Bis April 2017 ist Dr. Jeon vom koreanischen KRISS für fünf Monate zu Gast in der PTB. Das KRISS ist ein NMI, ein Nationales Metrologieinstitut. Dr. Jeon hat Physik und Betriebswirtschaftslehre studiert. Mittlerweile arbeitet er seit über 30 Jahren am KRISS. Er ist Teil des Policy Departments und beschäftigt sich mit den Aufgaben von NMI im Allgemeinen. Die Abkürzung KRISS steht für Korea Research Institute of Standards and Science.
Zu unserem Interview erscheint Dr. Jeon perfekt vorbereitet. Hinter seiner ruhigen Zurückhaltung zeigt sich sehr viel Herzlichkeit und übersprudelnde Begeisterung für sein Fachgebiet. »Dr. Jeon, was machen Sie eigentlich an der PTB?« – »Ich versuche, eine Frage zu beantworten: “Was sind die wünschenswerte Rolle und die Aktivitäten eines NMI in der nationalen Qualitätsinfrastruktur?” Ich studiere und vergleiche die Aufgaben der PTB in Deutschland mit den Aufgaben des KRISS in Korea. Aus meinen Ergebnissen entsteht ein allgemeines Modell, das darstellt, welche Rollen und Aktivitäten das NMI eines Landes erfüllen sollte.«
»Ist das KRISS denn sehr anders als die PTB?« »Im Gegensatz zu Deutschland gibt es in Korea keine Designated Institutes, so dass das KRISS alle Bereiche der Metrologie abdeckt. Das KRISS führt dafür keine Typgenehmigungen und Konformitätsbewertungsaktivitäten durch. Um das gesetzliche Messwesen kümmern sich andere Agenturen in Korea. Das Gelände des KRISS ist halb so groß wie das der PTB. Dort arbeiten um die 440 Mitarbeiter. Unser jährliches Budget beläuft sich auf 135,3 Millionen US-Dollar.« Zurückhaltender Stolz scheint durch, wenn Dr. Jeon vom Fußballteam am KRISS redet: »Die KRISS-Fußballmannschaft gilt in den meisten Spielen als starkes Team.

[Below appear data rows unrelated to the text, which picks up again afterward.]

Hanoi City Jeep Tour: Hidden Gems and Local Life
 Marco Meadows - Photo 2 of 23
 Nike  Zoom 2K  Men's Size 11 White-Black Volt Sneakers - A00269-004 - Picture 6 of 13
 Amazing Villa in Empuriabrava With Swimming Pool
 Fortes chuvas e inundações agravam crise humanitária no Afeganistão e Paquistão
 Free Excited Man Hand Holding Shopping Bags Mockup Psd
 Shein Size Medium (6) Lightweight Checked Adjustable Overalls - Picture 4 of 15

Die Fußballmannschaft spielt häufig Freundschaftsspiele mit ausländischen NMI wie Chinas NIM, Vietnams VMI und dem mongolischen MASM.«
»Was gefällt Ihnen am meisten an der Arbeit hier?« »Durch meine Forschungen habe ich Kontakt zu Fachleuten auf den verschiedensten Gebieten. Es ist ein Vergnügen, verschiedene Experten in der PTB zu treffen und neue Felder kennen zu lernen: zum Beispiel in der Anerkennung, Kalibrierung und im gesetzlichen Messwesen. Ich kann hier in einem Forschungsumfeld arbeiten, in dem individuelle Autonomie garantiert ist. Tatsächlich war ich erstaunt, wie begeistert sich alle ihrer Arbeit in der PTB widmen. Es gibt Angestellte, die schon um sechs Uhr morgens hart arbeiten. Am KRISS forschen Menschen aus anderen Ländern wie Vietnam, der Mongolei und Ägypten. Wenn ich nach Korea zurückkehre, würde ich ihnen gerne etwas von der Hilfsbereitschaft zurückgeben, die ich hier erfahren habe.«
Dr. Jeon begegnen trotzdem einigen Hürden an der PTB, obwohl er jeden Donnerstag zum Deutschunterricht geht: »Leider sind die meisten Materialien hier auf Deutsch und es fällt mir schwer, sie zu lesen. Für meine Forschung ist es wichtig, die internen Prozesse der PTB genau zu verstehen. Meistens benutze ich dann Google Translate. Interessanterweise scheint die englische Übersetzung viel besser zu sein, als die koreanische.«
Ob die Arbeit in der PTB trotzdem so ist, wie er es erwartet hat? »Zwischen der Außendarstellung der PTB und dem, was die PTB wirklich macht, gibt es erstaunlich viele Unterschiede. Ich glaube, dass die PTB viel stärker in Kooperationen mit Akkreditierungsstellen, internationalen Aktivitäten und aufstrebenden Ländern aktiv ist, als man es im Internet erfährt.«
Einen Kulturschock hat Dr. Jeon bisher noch nicht – ein ordentliches Stück Braunschweiger Kultur hat er allerdings schon erlebt: Er ist aus Versehen auf den Braunschweiger Karneval geraten.